The submission is backed by the pivotal Phase Ib/II CARTITUDE-1 study, in which cilta-cel produced an overall response rate of 97% and a stringent response rate of 67% after a median 12.4 months of follow-up time, according to data presented last December at the American Society of Hematology (ASH) meeting. The ongoing trial involves 126 patients with relapsed and/or refractory multiple myeloma who have received a proteasome inhibitor, an immunomodulatory drug and an anti-CD38 antibody as part of previous therapy, and who also experienced disease progression within 12 months of starting the most recent therapy.

"Cilta-cel has shown great promise in the treatment of patients with heavily pretreated multiple myeloma according to study findings reported to date," said Legend CEO Ying Huang, adding that "today's priority review designation marks another significant milestone for this cell therapy."

Meanwhile, safety data reported at last year's ASH meeting also revealed that most CARTITUDE-1 participants experienced cytokine release syndrome (CRS), with 3% of the cases classified as grade 3 and 1% each at grade 4 and grade 5. In addition, grade 3 or higher neurotoxicity was observed in 10% of patients, including 16 cases of immune effector cell-associated neurotoxicity syndrome (ICANS).

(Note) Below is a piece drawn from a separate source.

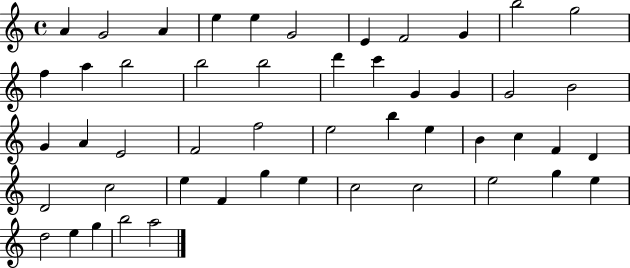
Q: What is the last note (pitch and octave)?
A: A5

There were also six deaths due to adverse events related to treatment, including sepsis, CRS and neurotoxicity. Updated longer term follow-up safety and efficacy data are due to be presented at the upcoming American Society of Clinical Oncology (ASCO) and European Hematology Association (EHA) conferences next month.

On heels of FDA nod for Abecma 

The FDA recently approved Bristol Myers Squibb and bluebird bio's BCMA-targeting CAR-T therapy Abecma (idecabtagene vicleucel) as a later-line treatment for multiple myeloma. For related analysis, see ViewPoints: FDA filing sets up future CAR-T showdown in multiple myeloma. See also KOL Views Q&A: Leading MM expert confident anti-BCMA CAR-Ts like Abecma will move up from 4L.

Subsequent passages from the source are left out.